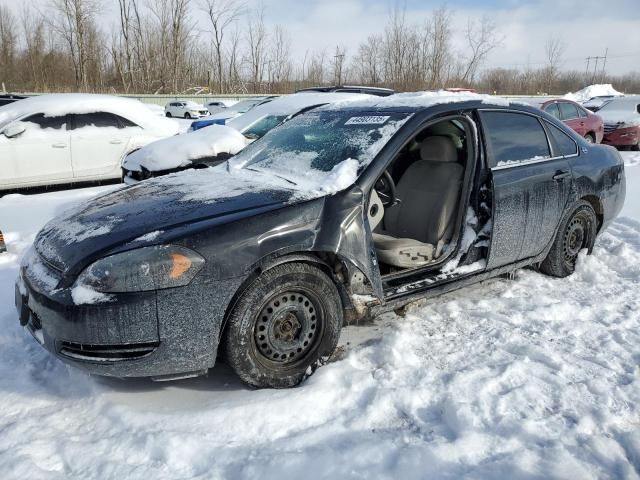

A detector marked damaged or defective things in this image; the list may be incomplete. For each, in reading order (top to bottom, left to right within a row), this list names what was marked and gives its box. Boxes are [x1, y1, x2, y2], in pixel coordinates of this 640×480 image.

damaged car [16, 92, 624, 388]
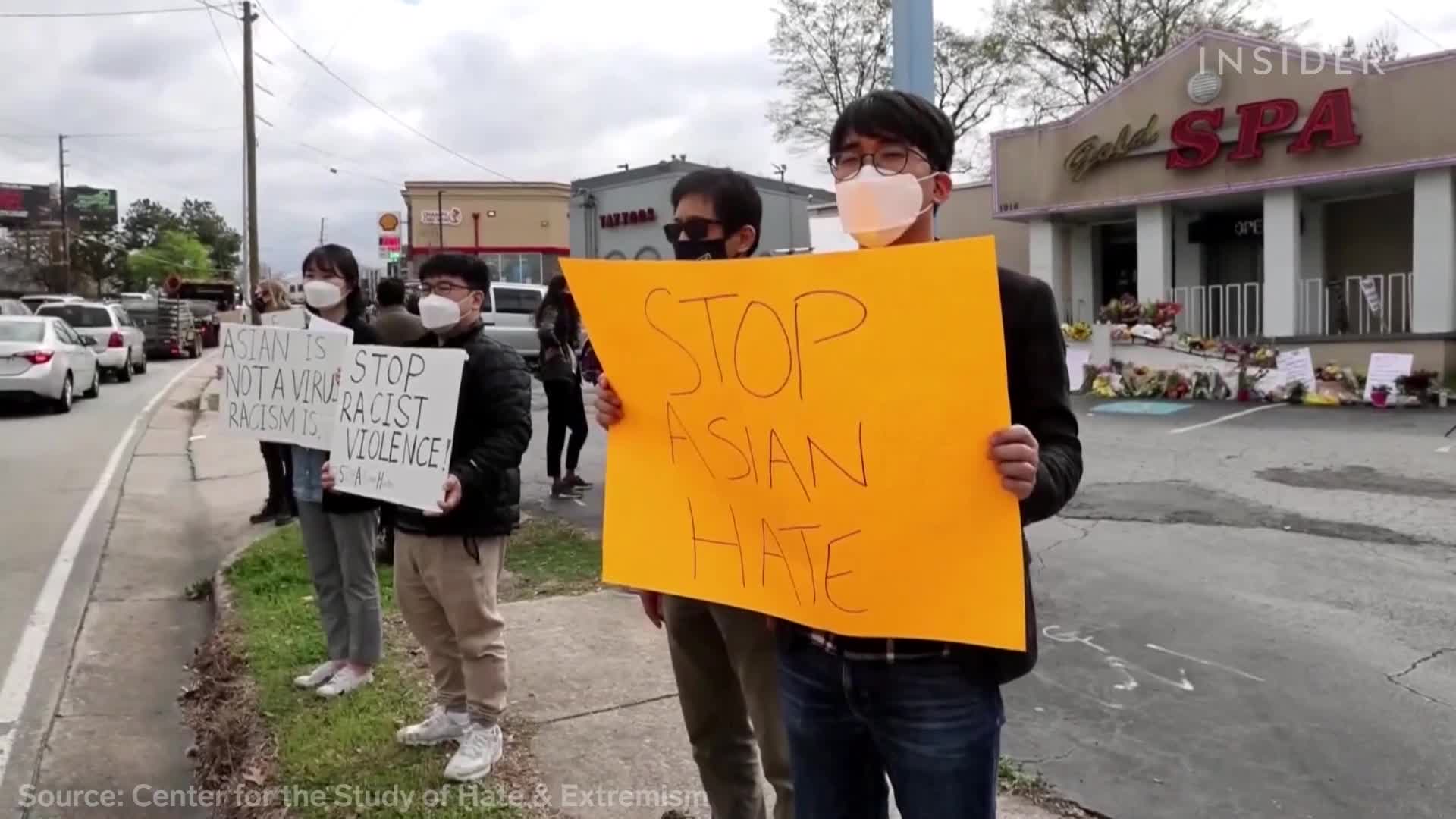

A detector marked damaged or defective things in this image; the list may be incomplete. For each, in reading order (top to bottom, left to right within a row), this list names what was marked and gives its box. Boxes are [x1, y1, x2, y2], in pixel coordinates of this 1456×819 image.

crack in pavement [1380, 644, 1450, 708]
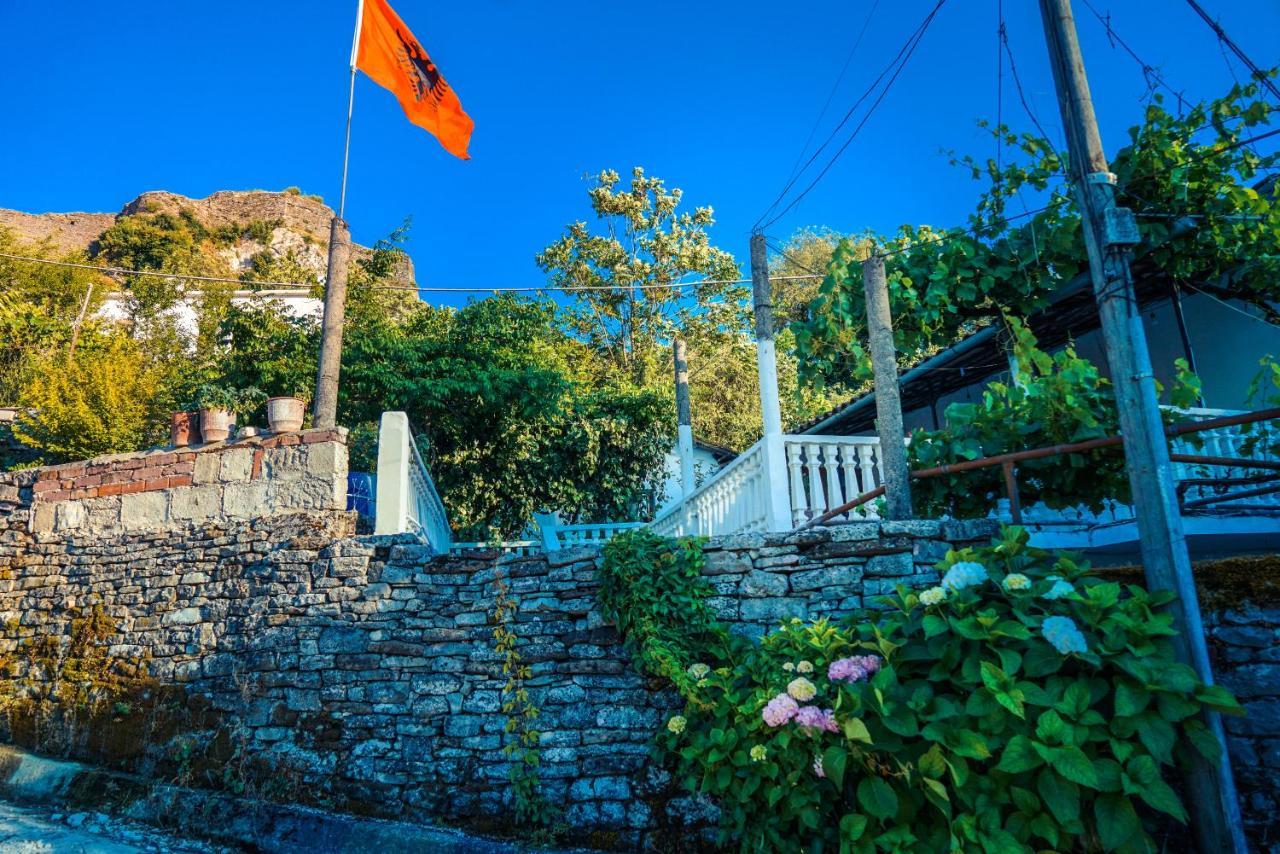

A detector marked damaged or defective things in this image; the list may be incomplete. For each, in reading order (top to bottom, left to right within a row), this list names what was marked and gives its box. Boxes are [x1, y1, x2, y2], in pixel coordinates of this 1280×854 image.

rusty metal rail [798, 407, 1280, 527]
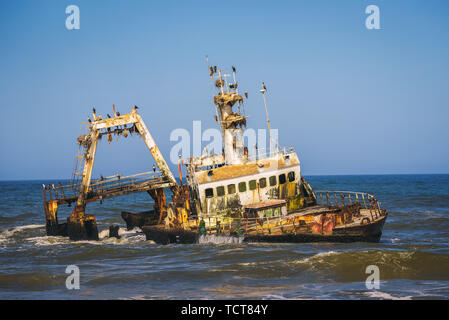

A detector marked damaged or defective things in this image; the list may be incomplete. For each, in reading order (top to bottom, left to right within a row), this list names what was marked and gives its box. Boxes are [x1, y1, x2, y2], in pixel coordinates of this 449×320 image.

rusty vessel [41, 61, 384, 244]
broken railing [42, 170, 172, 205]
broken railing [312, 190, 384, 220]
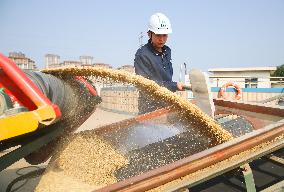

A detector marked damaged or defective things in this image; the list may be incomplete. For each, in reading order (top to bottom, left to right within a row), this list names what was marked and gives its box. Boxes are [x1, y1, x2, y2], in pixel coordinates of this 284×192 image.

rusty metal edge [97, 120, 284, 192]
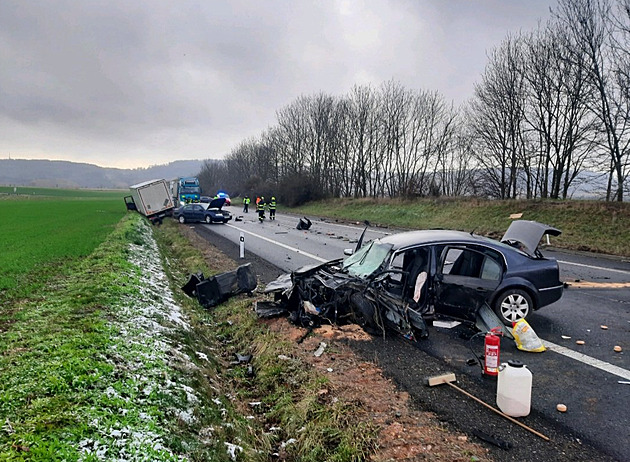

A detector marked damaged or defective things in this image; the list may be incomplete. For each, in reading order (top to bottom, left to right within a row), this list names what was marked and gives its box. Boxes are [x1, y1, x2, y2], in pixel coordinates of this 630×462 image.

severely damaged black car [264, 220, 564, 340]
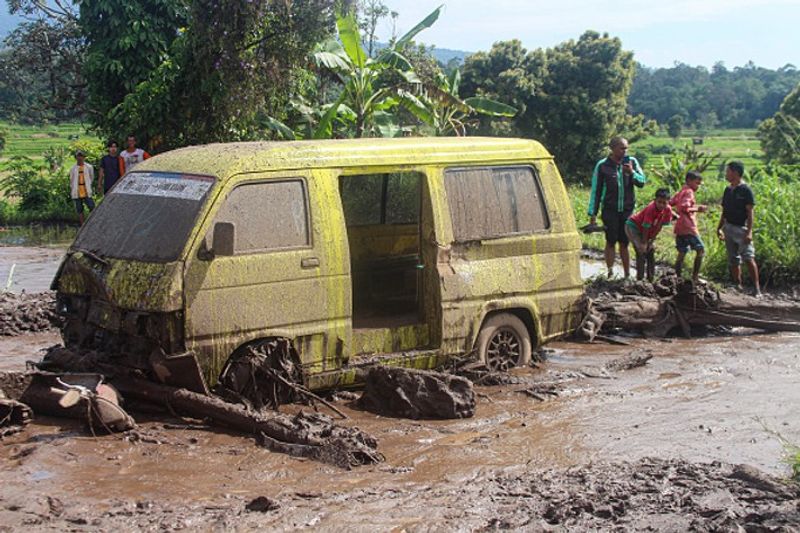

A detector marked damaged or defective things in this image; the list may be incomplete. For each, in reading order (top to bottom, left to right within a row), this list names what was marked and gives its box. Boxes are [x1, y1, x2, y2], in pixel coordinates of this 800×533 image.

damaged wheel [476, 312, 532, 370]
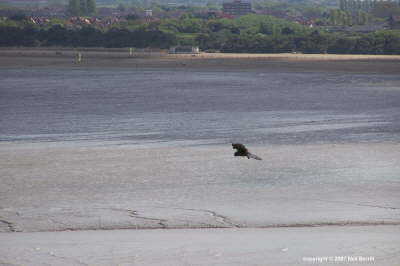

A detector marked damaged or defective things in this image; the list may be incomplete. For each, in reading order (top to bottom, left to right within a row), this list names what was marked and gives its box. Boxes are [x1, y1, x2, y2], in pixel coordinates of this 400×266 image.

crack in concrete [126, 209, 167, 228]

◇ ◇ ◇ ◇

__Problem to solve__: Exactly as they appear, print the lines from the one holding "this 400×266 image." through the final line of the entries, and no others.

__Result of the task__:
A detector marked damaged or defective things in this image; the list may be incomplete. For each, in reading order (top to bottom, left to right within a row), this list names what was marked and gives its box. Boxes are [x1, y1, x2, y2], in pixel coordinates of this 400×266 image.

crack in concrete [126, 209, 167, 228]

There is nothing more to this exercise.